The United States' Federal Communications Committee (FCC) is the governmental body that oversees all radio and TV stations to make sure that the stuff that is getting aired is "proper" for people to hear.
"Created by Congress in 1934, the FCC has myriad responsibilities. On broadcast television, the FCC enforces the federal laws that effectively preclude explicit content from appearing on over-the-air programming: no obscenity whatsoever, while indecency and certain profanity are only permitted between 10 p.m. and 6 a.m," said Jamshid Ghazi Aska.
The FCC standards of rules and regulations of what goes on over air are particularly vague, misleading and outdated for where we are in 2012. For a quick example, you can say "Penis. Vagina." or "poop" on air, however "Penis and Vagina." and "I'm pooping" are HUGE radio no-nos that can cost thousands of dollars to the station and it's licence holder.
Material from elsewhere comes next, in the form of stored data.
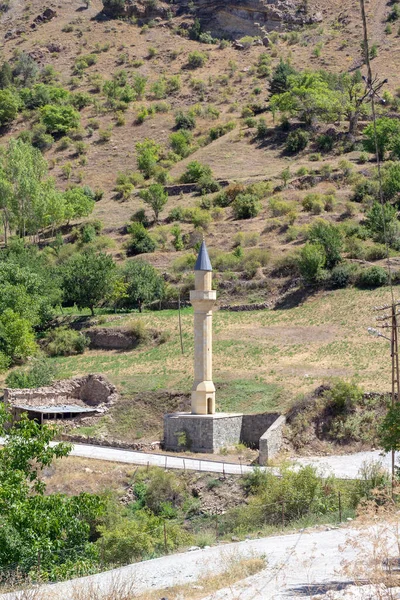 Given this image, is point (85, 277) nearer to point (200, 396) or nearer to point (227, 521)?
point (200, 396)

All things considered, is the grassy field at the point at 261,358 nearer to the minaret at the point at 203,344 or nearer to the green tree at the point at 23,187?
the minaret at the point at 203,344

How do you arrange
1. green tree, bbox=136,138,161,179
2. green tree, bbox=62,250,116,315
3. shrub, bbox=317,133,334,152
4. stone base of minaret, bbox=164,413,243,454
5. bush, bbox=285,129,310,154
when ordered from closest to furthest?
1. stone base of minaret, bbox=164,413,243,454
2. green tree, bbox=62,250,116,315
3. shrub, bbox=317,133,334,152
4. bush, bbox=285,129,310,154
5. green tree, bbox=136,138,161,179

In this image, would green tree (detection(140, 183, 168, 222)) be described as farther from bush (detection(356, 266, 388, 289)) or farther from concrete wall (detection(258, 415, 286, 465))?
concrete wall (detection(258, 415, 286, 465))

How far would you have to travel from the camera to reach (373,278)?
51.6 m

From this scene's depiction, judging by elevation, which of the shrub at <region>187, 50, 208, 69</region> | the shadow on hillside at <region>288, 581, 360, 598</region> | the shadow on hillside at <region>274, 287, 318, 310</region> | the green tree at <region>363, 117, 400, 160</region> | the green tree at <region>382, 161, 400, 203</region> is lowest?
the shadow on hillside at <region>274, 287, 318, 310</region>

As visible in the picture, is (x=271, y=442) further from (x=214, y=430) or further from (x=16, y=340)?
(x=16, y=340)

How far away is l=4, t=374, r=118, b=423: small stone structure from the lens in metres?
41.2

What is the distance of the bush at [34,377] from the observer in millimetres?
44219

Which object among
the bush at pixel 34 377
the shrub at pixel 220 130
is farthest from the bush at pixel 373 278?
the shrub at pixel 220 130

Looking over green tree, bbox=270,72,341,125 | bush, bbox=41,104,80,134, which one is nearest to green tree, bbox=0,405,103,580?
green tree, bbox=270,72,341,125

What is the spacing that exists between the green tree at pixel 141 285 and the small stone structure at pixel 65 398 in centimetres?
1149

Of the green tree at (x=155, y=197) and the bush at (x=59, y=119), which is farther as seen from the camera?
the bush at (x=59, y=119)

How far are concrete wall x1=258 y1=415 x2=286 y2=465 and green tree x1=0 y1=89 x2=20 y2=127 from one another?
6468 centimetres

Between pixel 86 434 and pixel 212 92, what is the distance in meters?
62.3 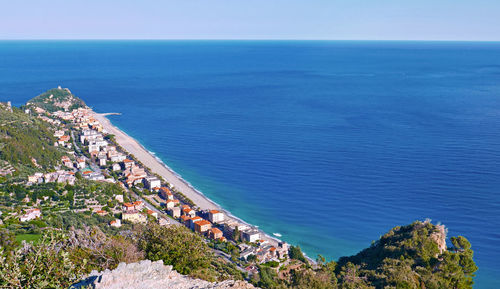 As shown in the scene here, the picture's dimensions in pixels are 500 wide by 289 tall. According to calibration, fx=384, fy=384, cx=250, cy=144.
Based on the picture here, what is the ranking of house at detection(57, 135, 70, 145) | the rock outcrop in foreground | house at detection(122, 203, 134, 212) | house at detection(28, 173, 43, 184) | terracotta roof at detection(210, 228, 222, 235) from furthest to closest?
house at detection(57, 135, 70, 145) → house at detection(28, 173, 43, 184) → house at detection(122, 203, 134, 212) → terracotta roof at detection(210, 228, 222, 235) → the rock outcrop in foreground

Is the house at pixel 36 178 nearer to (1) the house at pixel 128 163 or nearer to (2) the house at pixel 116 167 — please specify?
(2) the house at pixel 116 167

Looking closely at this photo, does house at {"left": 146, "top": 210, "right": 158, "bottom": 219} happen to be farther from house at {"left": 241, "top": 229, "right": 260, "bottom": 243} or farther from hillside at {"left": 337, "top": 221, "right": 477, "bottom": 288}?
hillside at {"left": 337, "top": 221, "right": 477, "bottom": 288}

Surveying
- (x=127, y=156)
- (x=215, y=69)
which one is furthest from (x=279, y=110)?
(x=215, y=69)

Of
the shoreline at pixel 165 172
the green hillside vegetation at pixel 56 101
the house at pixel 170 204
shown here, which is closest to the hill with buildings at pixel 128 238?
the house at pixel 170 204

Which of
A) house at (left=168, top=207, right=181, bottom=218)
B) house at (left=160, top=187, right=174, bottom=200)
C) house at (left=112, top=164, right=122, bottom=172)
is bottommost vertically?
house at (left=168, top=207, right=181, bottom=218)

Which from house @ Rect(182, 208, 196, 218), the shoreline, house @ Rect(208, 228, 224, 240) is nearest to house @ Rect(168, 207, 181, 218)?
house @ Rect(182, 208, 196, 218) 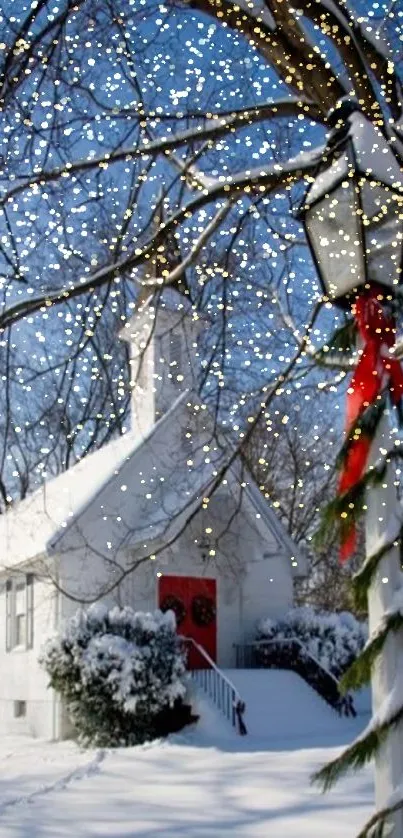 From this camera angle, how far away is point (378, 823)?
2803 millimetres

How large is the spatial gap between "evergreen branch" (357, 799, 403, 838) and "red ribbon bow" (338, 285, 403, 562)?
84cm

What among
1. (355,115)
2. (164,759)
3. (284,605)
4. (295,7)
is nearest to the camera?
(355,115)

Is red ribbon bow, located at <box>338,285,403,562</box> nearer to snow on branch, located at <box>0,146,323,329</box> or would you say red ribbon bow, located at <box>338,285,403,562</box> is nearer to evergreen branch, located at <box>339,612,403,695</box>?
evergreen branch, located at <box>339,612,403,695</box>

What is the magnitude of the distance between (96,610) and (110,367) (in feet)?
41.2

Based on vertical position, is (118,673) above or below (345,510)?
below

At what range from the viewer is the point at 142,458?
702 inches

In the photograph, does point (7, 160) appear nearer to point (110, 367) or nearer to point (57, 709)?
point (57, 709)

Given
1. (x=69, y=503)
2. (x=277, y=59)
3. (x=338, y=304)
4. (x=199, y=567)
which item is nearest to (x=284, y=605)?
(x=199, y=567)

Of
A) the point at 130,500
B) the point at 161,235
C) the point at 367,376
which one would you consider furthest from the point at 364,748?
the point at 130,500

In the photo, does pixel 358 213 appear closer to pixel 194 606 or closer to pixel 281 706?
pixel 281 706

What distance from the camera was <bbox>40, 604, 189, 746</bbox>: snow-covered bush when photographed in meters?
14.2

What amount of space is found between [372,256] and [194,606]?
14.8 metres

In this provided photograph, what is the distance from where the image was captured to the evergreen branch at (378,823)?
279 cm

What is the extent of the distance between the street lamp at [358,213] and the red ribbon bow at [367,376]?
88 mm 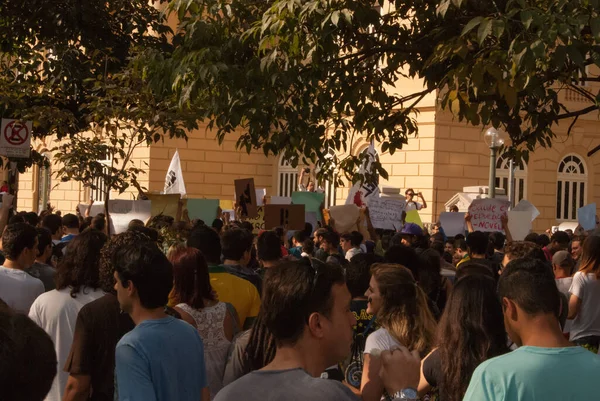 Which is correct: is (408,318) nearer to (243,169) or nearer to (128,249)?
(128,249)

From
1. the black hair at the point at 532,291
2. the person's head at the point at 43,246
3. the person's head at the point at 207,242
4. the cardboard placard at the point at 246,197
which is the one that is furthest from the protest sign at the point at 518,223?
the black hair at the point at 532,291

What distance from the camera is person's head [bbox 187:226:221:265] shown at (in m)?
6.93

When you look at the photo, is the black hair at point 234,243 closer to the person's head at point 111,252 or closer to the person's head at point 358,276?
the person's head at point 358,276

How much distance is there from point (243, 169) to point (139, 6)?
15.1 meters

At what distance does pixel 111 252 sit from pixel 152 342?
66cm

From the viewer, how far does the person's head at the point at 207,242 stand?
22.7 ft

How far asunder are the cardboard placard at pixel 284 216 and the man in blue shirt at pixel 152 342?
9827mm

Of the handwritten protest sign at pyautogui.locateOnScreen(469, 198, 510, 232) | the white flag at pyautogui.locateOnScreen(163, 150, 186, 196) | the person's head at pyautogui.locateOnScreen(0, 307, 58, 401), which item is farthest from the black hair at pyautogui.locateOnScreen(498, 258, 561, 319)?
the white flag at pyautogui.locateOnScreen(163, 150, 186, 196)

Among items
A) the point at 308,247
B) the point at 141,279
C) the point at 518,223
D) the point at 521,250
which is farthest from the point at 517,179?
the point at 141,279

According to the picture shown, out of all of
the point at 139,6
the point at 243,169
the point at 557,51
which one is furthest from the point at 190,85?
the point at 243,169

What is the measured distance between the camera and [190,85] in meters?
9.48

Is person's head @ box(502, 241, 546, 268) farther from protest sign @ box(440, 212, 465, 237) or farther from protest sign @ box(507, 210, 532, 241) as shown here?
protest sign @ box(507, 210, 532, 241)

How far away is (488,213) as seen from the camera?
49.5 feet

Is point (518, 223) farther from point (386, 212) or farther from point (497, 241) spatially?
point (497, 241) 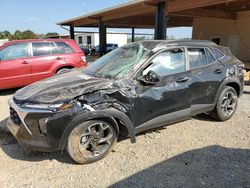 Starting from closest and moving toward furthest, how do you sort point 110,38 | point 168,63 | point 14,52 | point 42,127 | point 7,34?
1. point 42,127
2. point 168,63
3. point 14,52
4. point 110,38
5. point 7,34

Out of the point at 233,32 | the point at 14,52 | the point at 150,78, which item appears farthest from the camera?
the point at 233,32

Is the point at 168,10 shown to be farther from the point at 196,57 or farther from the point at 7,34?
the point at 7,34

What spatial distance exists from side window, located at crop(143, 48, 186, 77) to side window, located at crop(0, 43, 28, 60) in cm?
541

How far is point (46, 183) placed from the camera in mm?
3449

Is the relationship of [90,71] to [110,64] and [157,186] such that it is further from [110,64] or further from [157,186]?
[157,186]

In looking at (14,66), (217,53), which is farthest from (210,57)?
(14,66)

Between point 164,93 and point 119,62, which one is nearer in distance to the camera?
point 164,93

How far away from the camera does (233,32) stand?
1678cm

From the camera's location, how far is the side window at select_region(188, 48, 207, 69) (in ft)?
16.3

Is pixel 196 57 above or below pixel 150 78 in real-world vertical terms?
above

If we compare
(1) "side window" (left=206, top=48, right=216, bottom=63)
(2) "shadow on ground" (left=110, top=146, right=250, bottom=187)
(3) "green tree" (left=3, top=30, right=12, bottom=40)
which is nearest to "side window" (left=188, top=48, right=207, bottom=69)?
(1) "side window" (left=206, top=48, right=216, bottom=63)

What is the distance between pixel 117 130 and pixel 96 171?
68 centimetres

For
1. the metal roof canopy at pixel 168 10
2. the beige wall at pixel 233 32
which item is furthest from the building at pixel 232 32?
the metal roof canopy at pixel 168 10

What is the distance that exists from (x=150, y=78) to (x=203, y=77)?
1.30 m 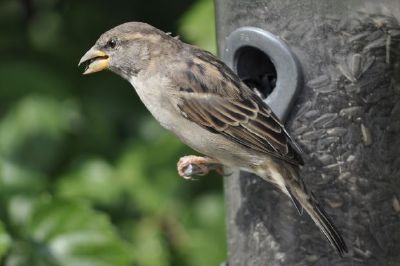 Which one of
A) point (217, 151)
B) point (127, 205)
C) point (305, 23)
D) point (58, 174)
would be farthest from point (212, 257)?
point (305, 23)

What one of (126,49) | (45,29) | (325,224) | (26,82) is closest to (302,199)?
(325,224)

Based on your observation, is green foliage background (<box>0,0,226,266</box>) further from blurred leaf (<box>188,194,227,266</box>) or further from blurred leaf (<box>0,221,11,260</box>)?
blurred leaf (<box>0,221,11,260</box>)

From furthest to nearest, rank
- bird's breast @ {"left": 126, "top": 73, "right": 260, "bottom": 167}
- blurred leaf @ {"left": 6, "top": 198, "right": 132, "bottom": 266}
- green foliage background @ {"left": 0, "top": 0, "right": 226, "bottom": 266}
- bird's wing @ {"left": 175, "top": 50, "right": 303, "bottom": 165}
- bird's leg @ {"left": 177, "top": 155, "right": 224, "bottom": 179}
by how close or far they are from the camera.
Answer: green foliage background @ {"left": 0, "top": 0, "right": 226, "bottom": 266} → blurred leaf @ {"left": 6, "top": 198, "right": 132, "bottom": 266} → bird's leg @ {"left": 177, "top": 155, "right": 224, "bottom": 179} → bird's breast @ {"left": 126, "top": 73, "right": 260, "bottom": 167} → bird's wing @ {"left": 175, "top": 50, "right": 303, "bottom": 165}

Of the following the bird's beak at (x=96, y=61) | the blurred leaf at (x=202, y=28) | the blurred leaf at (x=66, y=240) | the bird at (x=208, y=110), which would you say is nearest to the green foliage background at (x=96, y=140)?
the blurred leaf at (x=202, y=28)

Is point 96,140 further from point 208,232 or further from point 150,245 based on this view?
point 208,232

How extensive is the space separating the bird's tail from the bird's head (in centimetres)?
78

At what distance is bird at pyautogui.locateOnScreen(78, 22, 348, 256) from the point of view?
4535mm

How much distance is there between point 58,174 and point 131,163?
465 millimetres

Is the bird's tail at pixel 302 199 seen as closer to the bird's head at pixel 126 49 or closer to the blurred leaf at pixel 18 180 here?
the bird's head at pixel 126 49

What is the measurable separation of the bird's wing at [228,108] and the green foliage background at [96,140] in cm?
116

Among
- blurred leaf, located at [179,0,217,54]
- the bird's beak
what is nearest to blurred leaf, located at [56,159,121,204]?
blurred leaf, located at [179,0,217,54]

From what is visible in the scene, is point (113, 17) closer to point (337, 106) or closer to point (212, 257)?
point (212, 257)

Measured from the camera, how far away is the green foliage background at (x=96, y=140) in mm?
6031

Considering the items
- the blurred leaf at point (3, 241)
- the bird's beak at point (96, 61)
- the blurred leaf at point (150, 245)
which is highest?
the bird's beak at point (96, 61)
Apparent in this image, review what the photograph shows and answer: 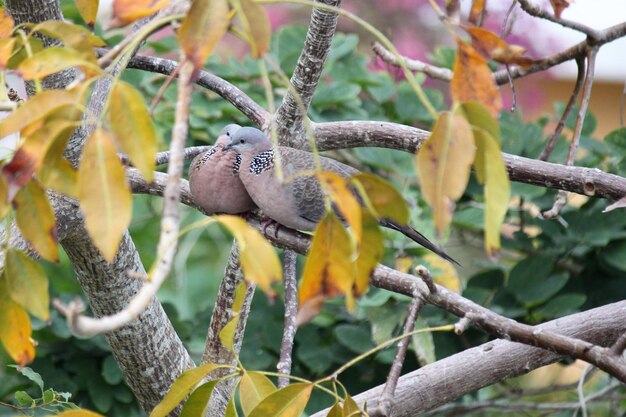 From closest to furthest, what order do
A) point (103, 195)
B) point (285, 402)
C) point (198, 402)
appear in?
point (103, 195), point (285, 402), point (198, 402)

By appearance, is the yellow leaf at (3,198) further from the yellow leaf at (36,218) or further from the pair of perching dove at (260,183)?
the pair of perching dove at (260,183)

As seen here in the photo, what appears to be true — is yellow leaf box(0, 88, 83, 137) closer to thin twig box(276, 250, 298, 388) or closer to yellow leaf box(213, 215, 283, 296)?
yellow leaf box(213, 215, 283, 296)

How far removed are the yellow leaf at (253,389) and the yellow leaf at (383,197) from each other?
0.34 meters

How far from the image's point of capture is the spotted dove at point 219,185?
5.54 feet

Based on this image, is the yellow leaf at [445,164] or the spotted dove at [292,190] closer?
the yellow leaf at [445,164]

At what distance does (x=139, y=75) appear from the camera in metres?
2.42

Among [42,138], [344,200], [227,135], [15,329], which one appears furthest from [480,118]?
[227,135]

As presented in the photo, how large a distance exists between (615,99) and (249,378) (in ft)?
17.1

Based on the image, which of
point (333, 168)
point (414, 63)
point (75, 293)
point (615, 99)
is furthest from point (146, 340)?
point (615, 99)

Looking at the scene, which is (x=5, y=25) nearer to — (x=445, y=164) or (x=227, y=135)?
(x=445, y=164)

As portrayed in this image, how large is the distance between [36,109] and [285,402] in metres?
0.45

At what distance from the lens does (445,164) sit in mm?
711

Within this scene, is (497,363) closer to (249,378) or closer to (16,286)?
(249,378)

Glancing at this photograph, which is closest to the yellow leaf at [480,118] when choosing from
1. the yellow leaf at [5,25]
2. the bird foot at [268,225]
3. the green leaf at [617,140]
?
the yellow leaf at [5,25] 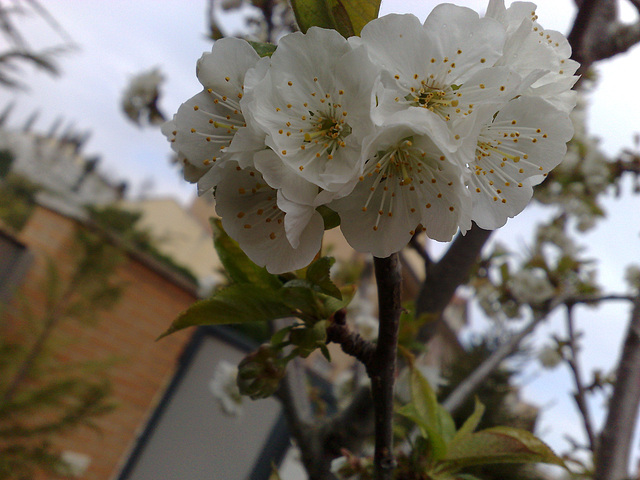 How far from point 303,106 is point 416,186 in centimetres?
13

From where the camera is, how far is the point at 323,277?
48cm

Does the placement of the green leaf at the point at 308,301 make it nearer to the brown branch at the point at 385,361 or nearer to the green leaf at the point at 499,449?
the brown branch at the point at 385,361

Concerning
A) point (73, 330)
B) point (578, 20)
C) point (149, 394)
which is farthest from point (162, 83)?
point (149, 394)

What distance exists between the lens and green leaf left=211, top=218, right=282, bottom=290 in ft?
1.85

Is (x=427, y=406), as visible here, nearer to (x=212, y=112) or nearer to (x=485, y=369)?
(x=212, y=112)

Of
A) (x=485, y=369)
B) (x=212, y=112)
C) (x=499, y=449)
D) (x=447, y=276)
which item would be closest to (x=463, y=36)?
(x=212, y=112)

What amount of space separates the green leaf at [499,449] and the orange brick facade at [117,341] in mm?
3171

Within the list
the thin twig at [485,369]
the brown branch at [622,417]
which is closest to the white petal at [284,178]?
the thin twig at [485,369]

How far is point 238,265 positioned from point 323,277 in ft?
0.54

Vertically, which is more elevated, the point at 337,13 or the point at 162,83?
the point at 162,83

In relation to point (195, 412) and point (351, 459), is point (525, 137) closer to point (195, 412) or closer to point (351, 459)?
point (351, 459)

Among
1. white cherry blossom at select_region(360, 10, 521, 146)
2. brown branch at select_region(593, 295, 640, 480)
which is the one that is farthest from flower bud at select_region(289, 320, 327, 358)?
brown branch at select_region(593, 295, 640, 480)

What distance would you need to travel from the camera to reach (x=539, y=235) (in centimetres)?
225

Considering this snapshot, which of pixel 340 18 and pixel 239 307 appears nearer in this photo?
pixel 340 18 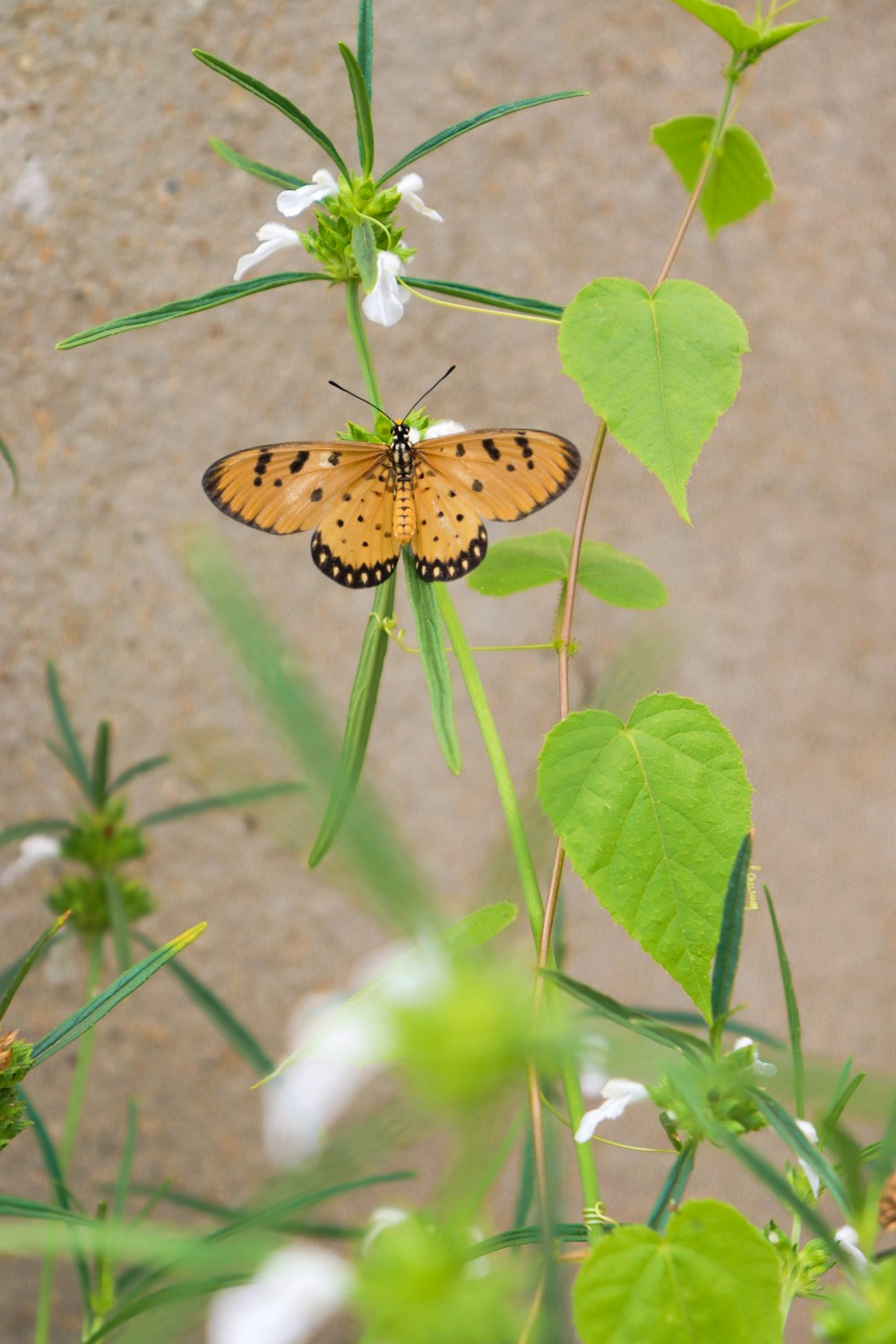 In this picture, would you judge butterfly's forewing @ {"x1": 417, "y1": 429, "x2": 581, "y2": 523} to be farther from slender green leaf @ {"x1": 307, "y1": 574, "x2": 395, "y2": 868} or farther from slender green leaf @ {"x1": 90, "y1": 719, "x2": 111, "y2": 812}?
slender green leaf @ {"x1": 90, "y1": 719, "x2": 111, "y2": 812}

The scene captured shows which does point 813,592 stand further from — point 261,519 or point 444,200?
point 261,519

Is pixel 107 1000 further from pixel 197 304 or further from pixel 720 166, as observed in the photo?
pixel 720 166

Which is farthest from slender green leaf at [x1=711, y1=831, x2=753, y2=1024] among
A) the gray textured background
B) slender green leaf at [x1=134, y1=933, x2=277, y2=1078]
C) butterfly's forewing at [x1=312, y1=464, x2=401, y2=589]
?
the gray textured background

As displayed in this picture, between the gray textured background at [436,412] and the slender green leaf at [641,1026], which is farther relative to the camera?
the gray textured background at [436,412]

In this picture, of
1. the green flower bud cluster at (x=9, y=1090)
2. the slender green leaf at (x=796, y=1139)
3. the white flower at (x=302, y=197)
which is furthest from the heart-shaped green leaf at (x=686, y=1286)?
the white flower at (x=302, y=197)

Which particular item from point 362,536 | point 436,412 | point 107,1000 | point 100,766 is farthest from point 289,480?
point 436,412

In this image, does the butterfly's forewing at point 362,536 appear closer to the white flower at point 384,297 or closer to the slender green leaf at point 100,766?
the white flower at point 384,297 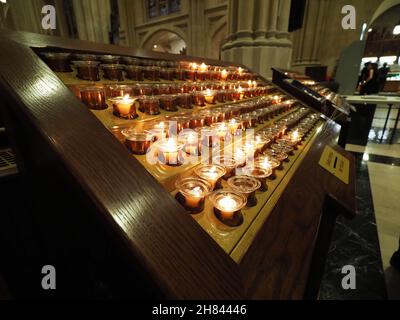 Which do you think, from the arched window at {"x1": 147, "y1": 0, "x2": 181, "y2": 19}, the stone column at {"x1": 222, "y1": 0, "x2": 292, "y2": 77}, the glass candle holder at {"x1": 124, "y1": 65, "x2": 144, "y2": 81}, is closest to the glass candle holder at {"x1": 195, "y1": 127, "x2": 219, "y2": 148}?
the glass candle holder at {"x1": 124, "y1": 65, "x2": 144, "y2": 81}

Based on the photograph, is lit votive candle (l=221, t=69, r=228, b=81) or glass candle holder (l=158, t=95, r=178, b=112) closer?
glass candle holder (l=158, t=95, r=178, b=112)

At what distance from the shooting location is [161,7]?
13.3 m

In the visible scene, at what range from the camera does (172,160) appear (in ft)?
3.59

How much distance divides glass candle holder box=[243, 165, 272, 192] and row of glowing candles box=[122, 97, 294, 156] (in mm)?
298

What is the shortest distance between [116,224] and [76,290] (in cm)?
115

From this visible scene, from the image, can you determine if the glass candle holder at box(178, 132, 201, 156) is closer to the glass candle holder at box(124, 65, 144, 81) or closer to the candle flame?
the candle flame

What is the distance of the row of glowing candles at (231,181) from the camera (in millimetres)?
922

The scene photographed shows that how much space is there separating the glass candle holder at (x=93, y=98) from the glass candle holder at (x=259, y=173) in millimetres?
865

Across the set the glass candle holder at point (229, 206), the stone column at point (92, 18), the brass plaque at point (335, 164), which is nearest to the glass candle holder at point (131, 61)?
the glass candle holder at point (229, 206)

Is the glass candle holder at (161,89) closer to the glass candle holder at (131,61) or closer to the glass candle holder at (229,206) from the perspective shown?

Is this ethical? Can a governmental entity act as a smut police safeguarding our children from dirty things like sex and poop?
These rules were put in place during a time where "family-oriented programming" were forefronts in american values -- I'm not sure if, as a country, America has become less family-oriented or more realistic. In a communitarian sense, these regulations are pretty unethical -- they essentially safeguard against free-speech programming and make Disc Jockeys weary of everything they say that can incense the FCC.
Speaking of incensing the FCC, the minimum dollar amount they can fine a station when they make ANY infraction, let it be a quick "I'm pooping" on-air or forgetting some sort of unimportant paper in their public file to forgetting to give a Station ID at the top of the hour is a cool $10,000.
When a station, especially a non-commercial, student-run station can be charged over half of their YEAR'S operation budget, a small infraction can easily put a station off-air permanently.
The FCC knows this, and readily enforces their sanctions like no other. Is this ethical?
DOUBTFUL. In the 21st century, it's hard to maintain relevancy when you are going around policing anytime someone says "tit" on air. In my opinion, these fines are not their to necessarily reprimand a great wrong, but instead acts as almost a power move by the FCC.
It would be "Fucking Brilliant" if the FCC got with the times.